Validation mode on a 5080 throws this (and nothing on older GPUs):
[2][ERROR]: Error syncing stream (CUDA error string: an illegal instruction was encountered, CUDA error code: 715)
Error recording resource event on user stream (CUDA error string: an illegal instruction was encountered, CUDA error code: 715)
Error recording resource event on user stream (CUDA error string: an illegal instruction was encountered, CUDA error code: 715)
Error launching work to RTX
UPDATE: Compiled to Optix-IR, and it works fine on my 4070Ti. However, on a 5080 it now fails when trying to create the module:
[2][COMPILER]: COMPILE ERROR: Module compilation failed
Info: Module Statistics
payload values : 1
attribute values : 0
Info: Properties for entry function “__raygen__oxMain”
semantic type : RAYGEN
trace call(s) : 3
continuation callable call(s): 0
basic block(s) : 151
instruction(s) : 1766
Info: Compiled Module Summary
non-entry function(s): 0
basic block(s) : 0
instruction(s) : 0
I guess it’s the same “illegal instruction”, just caught earlier.

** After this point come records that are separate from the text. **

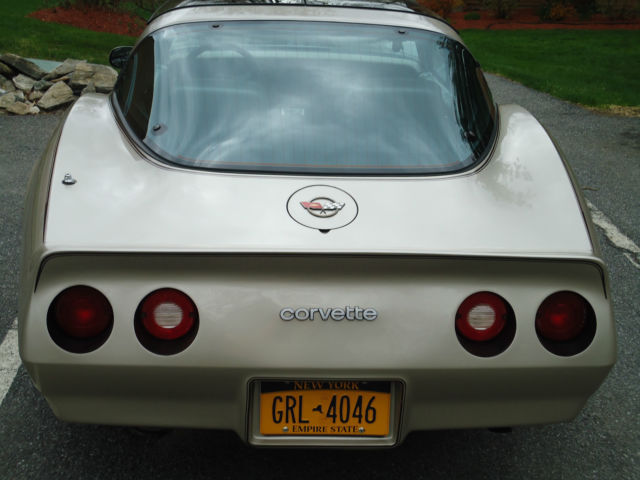 1982 chevrolet corvette collector edition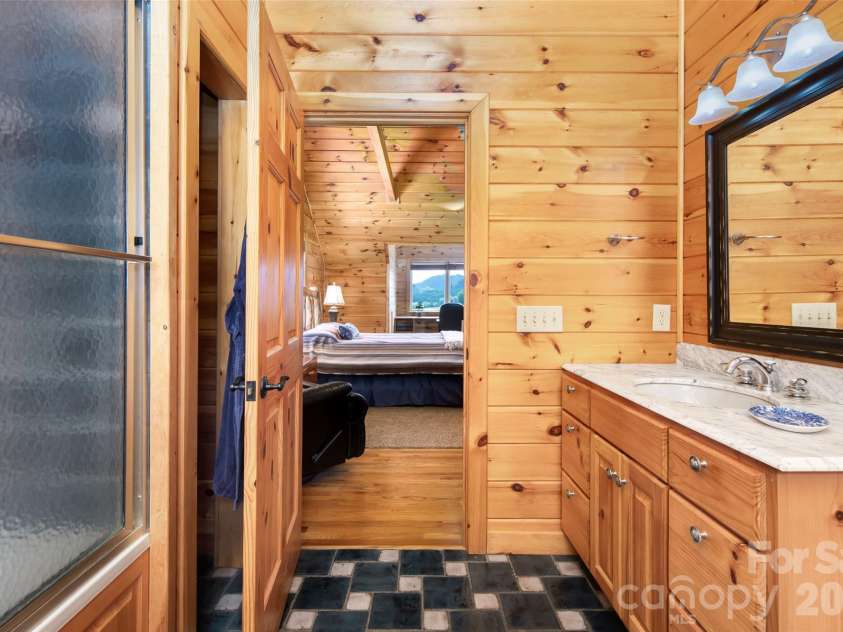 316 Stevenson Cove Road, Waynesville, NC 28785.  MLS# CAR4430409, YatesRealty ID 55382. 3rd bathroom. Located on second level.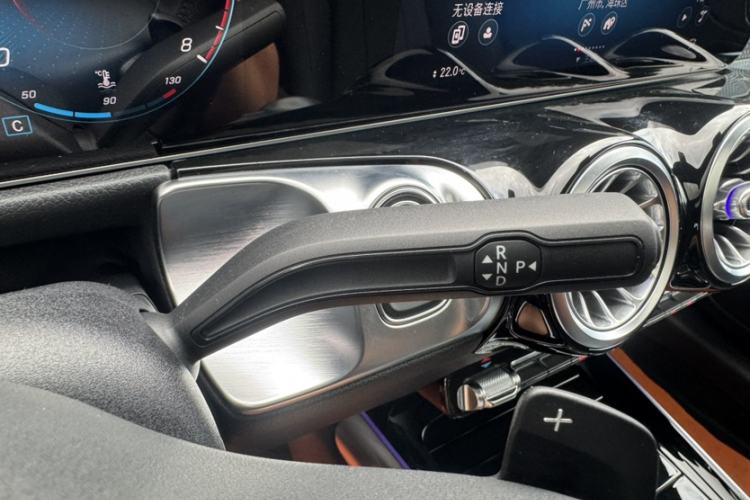 Used Mercedes-Benz GLB 2020 Facelift GLB 200 Fashion Edition Gear Lever
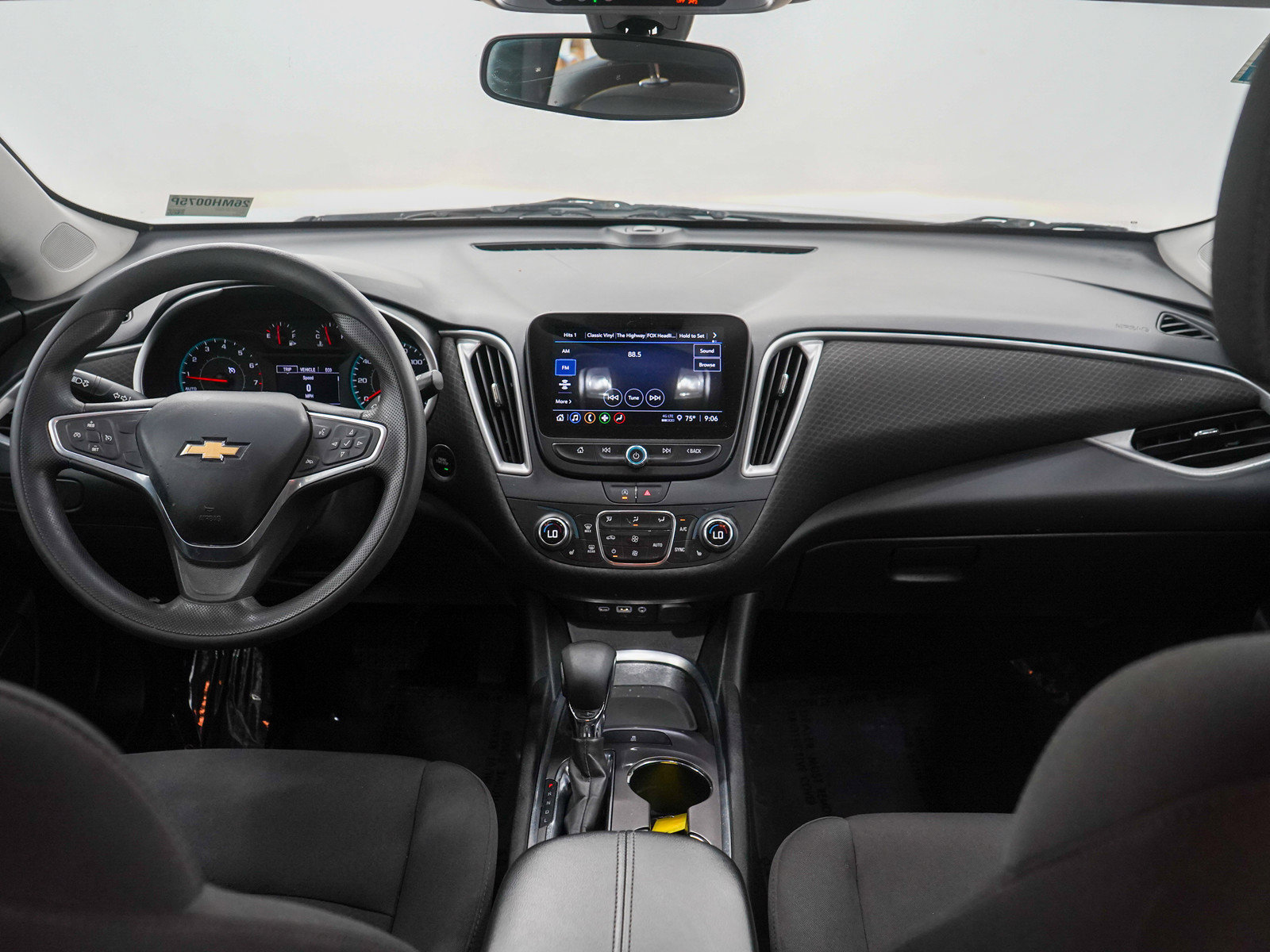 Used 2022 Chevrolet Malibu LT FWD image 13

Compiling Optix-IR with –use_fast_math -Wno-deprecated-gpu-targets again causes “an illegal instruction was encountered”.
Update 2: OK, I think I found the culprit. So, in OptiX6 there was rtTextureSamplerGetId which returned an int. This int, when printed out, also looked rather small, like a context-specific texture number (0, 1, 2, 3…). Because the numbers are usually in a small range I did an evil thing of casting it to a float in my light structure just so I can reuse the same value for some light types where it actually needs to be a float and cast it back to int when it should be a texture ID… I should’ve at least reinterpreted it, but I didn’t because I was sure it’s not a problem in such value range.
After moving to OptiX9 I replaced most of these ints with cudaTextureObject_t, which is 64-bit. Except for this structure because it was so nice and tight, and funnily enough texture values returned from cudaCreateTextureObject were also the same tiny numbers! I figured GetId was returning the same thing and there is maybe, probably, possibly no good reason for it to really be 64-bit…
And apparently my “maybe” somehow held up on everything until 50-series. Is the driver silently replacing CPU cudaTextureObject_t values with real pointers now? Or is the float-to-u64 conversion different now? I don’t know, and in fact, just replacing the float with an int stopped 5080 crashes. But I’m adding a proper cudaTextureObject_t to the structure now, not taking chances anymore.
It still puzzles me that it still worked on a 5080 either if I removed all optixTrace calls or unrolled the loop.